■ TASK PROMPT: Give back exactly the lines of the entries below from the line with "Jest takie miejsce" to the line with "DreamBid. Zdjęcie 6.", inclusive, and only those.

■ SOURCE RECORDS:

◇ ◇ ◇

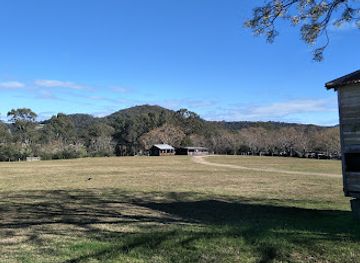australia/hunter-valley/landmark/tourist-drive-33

◇ ◇ ◇

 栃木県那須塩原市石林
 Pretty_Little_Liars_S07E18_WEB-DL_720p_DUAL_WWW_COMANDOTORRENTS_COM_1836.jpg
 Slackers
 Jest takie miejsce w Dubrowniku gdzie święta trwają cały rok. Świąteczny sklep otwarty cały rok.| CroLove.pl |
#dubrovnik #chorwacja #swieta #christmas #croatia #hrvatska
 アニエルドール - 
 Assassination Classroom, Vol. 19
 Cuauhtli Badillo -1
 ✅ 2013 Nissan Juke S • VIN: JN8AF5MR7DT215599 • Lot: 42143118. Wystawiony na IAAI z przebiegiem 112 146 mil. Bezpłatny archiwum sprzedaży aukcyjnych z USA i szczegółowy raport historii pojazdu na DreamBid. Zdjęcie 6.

◇ ◇ ◇

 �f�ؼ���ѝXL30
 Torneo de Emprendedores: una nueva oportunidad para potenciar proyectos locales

◇ ◇ ◇

■ RESULT FOR THIS TASK:
 Jest takie miejsce w Dubrowniku gdzie święta trwają cały rok. Świąteczny sklep otwarty cały rok.| CroLove.pl |
#dubrovnik #chorwacja #swieta #christmas #croatia #hrvatska
 アニエルドール - 
 Assassination Classroom, Vol. 19
 Cuauhtli Badillo -1
 ✅ 2013 Nissan Juke S • VIN: JN8AF5MR7DT215599 • Lot: 42143118. Wystawiony na IAAI z przebiegiem 112 146 mil. Bezpłatny archiwum sprzedaży aukcyjnych z USA i szczegółowy raport historii pojazdu na DreamBid. Zdjęcie 6.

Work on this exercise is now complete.